[Dataset items]
----------------------------------------

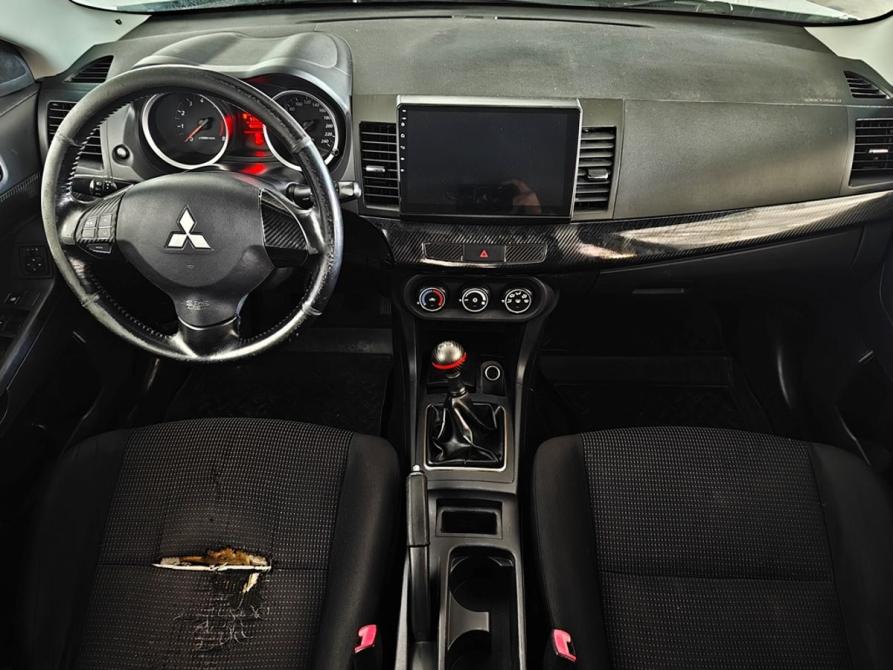 Mitsubishi Lancer X Москва  - изображение 9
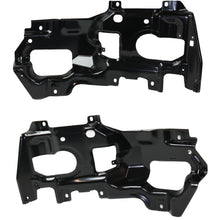 Load image into Gallery viewer, 2016-2019 GMC Sierra 1500 &amp; Sierra 1500 Limited Bumper Brackets - Front, Left &amp; Right (23381977)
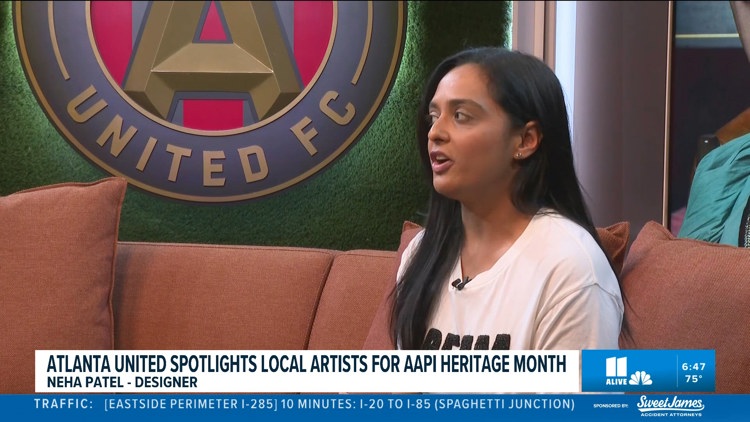 Atlanta United honors AAPI Heritage Month with scarves celebrating heritage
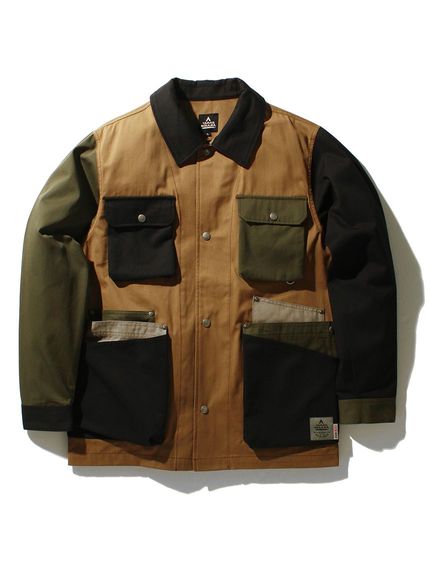 楽天市場】TARAS BOULBA(タラスブルバ)ファイアシールド カバーオール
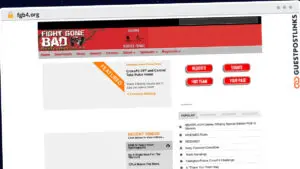 Publish Guest Post on fgb4.org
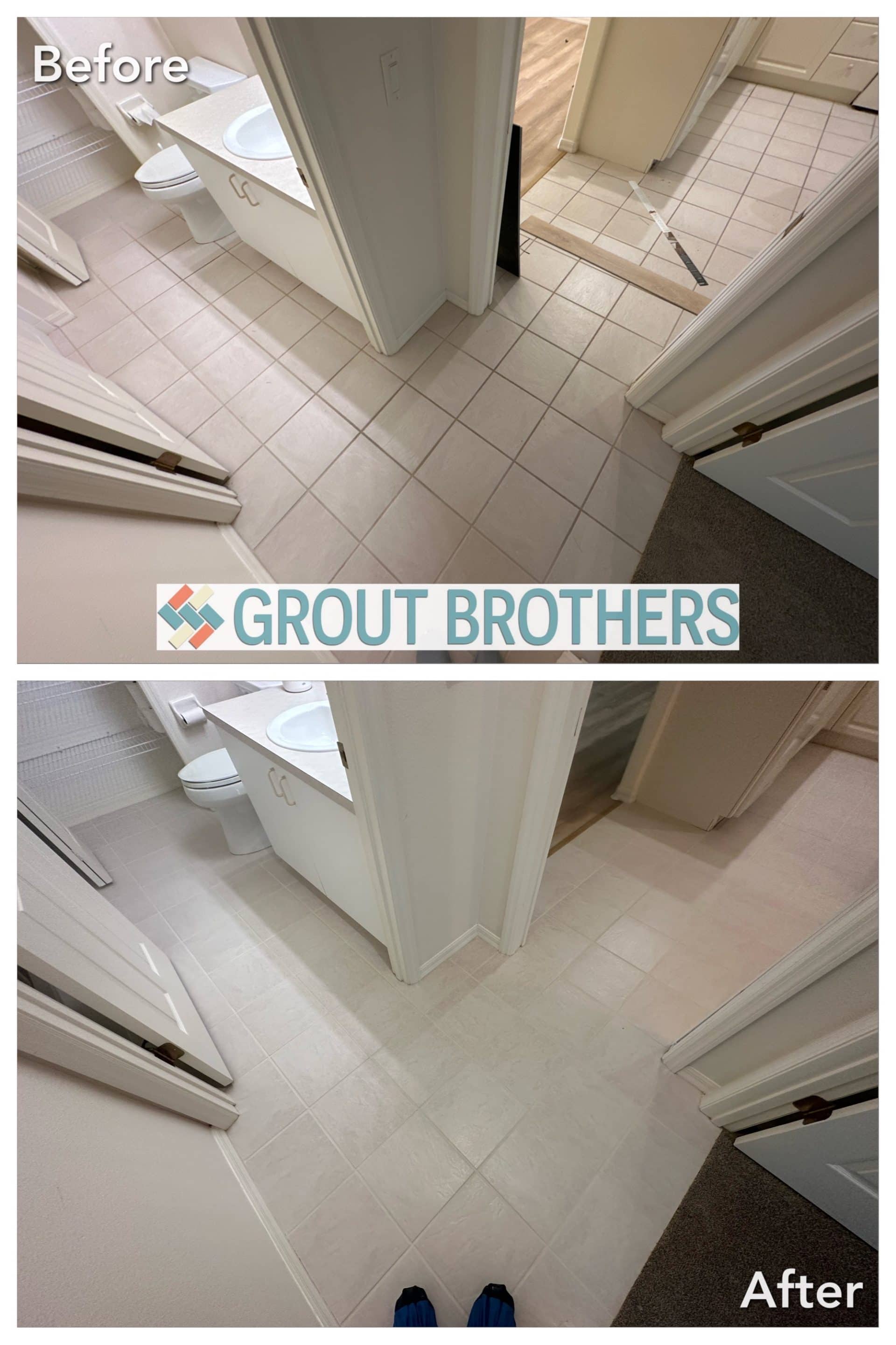 Pro Grout Cleaning Grout Brothers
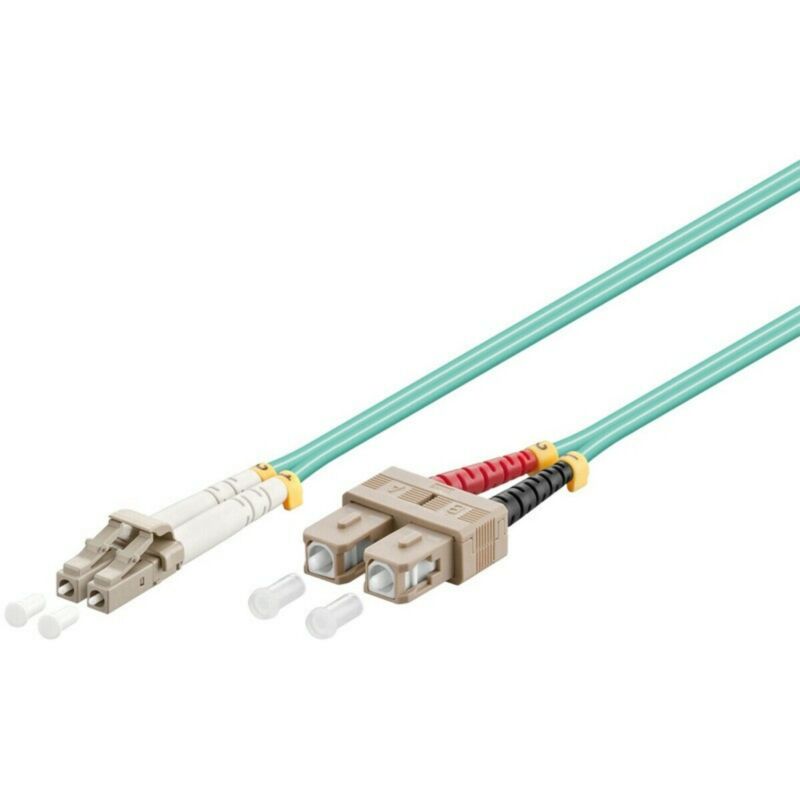 Kabel światłowodowy LC-SC OM3 10m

----------------------------------------

> [Instructions to follow] An exact copy of all the data above is required; omit any pictures.

> [Answer box]
 Mitsubishi Lancer X Москва  - изображение 9
 Load image into Gallery viewer, 2016-2019 GMC Sierra 1500 &amp; Sierra 1500 Limited Bumper Brackets - Front, Left &amp; Right (23381977)
 Atlanta United honors AAPI Heritage Month with scarves celebrating heritage
 楽天市場】TARAS BOULBA(タラスブルバ)ファイアシールド カバーオール
 Publish Guest Post on fgb4.org
 Pro Grout Cleaning Grout Brothers
 Kabel światłowodowy LC-SC OM3 10m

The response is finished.